Saved data entries
+-------+

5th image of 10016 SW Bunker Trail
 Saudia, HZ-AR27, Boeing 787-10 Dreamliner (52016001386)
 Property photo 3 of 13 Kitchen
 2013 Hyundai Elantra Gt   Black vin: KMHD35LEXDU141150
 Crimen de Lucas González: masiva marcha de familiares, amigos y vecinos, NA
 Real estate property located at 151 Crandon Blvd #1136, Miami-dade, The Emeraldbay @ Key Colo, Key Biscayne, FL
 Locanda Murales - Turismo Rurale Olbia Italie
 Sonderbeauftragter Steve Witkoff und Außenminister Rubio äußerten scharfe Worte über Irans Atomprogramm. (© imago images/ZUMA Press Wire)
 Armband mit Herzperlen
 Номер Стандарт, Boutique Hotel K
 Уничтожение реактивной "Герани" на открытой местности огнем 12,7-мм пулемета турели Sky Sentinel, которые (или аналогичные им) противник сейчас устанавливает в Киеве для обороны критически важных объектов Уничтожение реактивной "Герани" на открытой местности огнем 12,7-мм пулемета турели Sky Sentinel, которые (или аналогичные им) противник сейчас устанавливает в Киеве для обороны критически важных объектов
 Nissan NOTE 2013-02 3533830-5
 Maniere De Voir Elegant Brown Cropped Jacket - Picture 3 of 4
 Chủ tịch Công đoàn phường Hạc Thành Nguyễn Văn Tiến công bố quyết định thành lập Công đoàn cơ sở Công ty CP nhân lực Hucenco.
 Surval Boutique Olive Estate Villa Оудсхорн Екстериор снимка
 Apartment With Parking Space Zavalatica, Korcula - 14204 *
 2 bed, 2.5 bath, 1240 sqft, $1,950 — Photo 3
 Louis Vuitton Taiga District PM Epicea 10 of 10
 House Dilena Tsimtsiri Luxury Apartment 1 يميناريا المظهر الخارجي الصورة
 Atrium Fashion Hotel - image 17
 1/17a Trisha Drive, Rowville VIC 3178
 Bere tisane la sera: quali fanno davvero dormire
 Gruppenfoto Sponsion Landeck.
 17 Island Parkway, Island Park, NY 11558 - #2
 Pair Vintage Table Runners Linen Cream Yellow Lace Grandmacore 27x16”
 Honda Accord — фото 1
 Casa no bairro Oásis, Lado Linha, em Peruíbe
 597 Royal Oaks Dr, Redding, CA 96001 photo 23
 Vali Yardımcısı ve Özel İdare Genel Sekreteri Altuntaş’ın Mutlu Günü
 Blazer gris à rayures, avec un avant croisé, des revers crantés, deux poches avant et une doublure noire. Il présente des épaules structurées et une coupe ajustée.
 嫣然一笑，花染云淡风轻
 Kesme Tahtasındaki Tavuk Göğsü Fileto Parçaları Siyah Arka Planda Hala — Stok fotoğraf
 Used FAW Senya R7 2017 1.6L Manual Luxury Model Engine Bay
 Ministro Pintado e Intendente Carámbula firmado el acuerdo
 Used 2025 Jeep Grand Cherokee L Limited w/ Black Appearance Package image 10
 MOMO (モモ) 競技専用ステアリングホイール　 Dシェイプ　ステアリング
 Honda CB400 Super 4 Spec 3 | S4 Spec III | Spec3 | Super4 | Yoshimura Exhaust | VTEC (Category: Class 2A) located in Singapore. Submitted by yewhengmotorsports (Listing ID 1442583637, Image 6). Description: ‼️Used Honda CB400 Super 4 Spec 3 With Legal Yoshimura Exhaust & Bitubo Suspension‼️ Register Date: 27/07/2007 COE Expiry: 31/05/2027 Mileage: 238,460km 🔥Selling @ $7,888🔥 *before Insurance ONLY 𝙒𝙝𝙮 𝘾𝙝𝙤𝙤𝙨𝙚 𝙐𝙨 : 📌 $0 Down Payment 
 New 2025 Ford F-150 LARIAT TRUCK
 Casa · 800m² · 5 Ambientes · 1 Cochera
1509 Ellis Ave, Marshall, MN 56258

+-------+

When you reach the line containing "Property photo 3 of 13 Kitchen" in the data above, start copying exactly, and stop after the line containing "Sonderbeauftragter Steve Witkoff".

 Property photo 3 of 13 Kitchen
 2013 Hyundai Elantra Gt   Black vin: KMHD35LEXDU141150
 Crimen de Lucas González: masiva marcha de familiares, amigos y vecinos, NA
 Real estate property located at 151 Crandon Blvd #1136, Miami-dade, The Emeraldbay @ Key Colo, Key Biscayne, FL
 Locanda Murales - Turismo Rurale Olbia Italie
 Sonderbeauftragter Steve Witkoff und Außenminister Rubio äußerten scharfe Worte über Irans Atomprogramm. (© imago images/ZUMA Press Wire)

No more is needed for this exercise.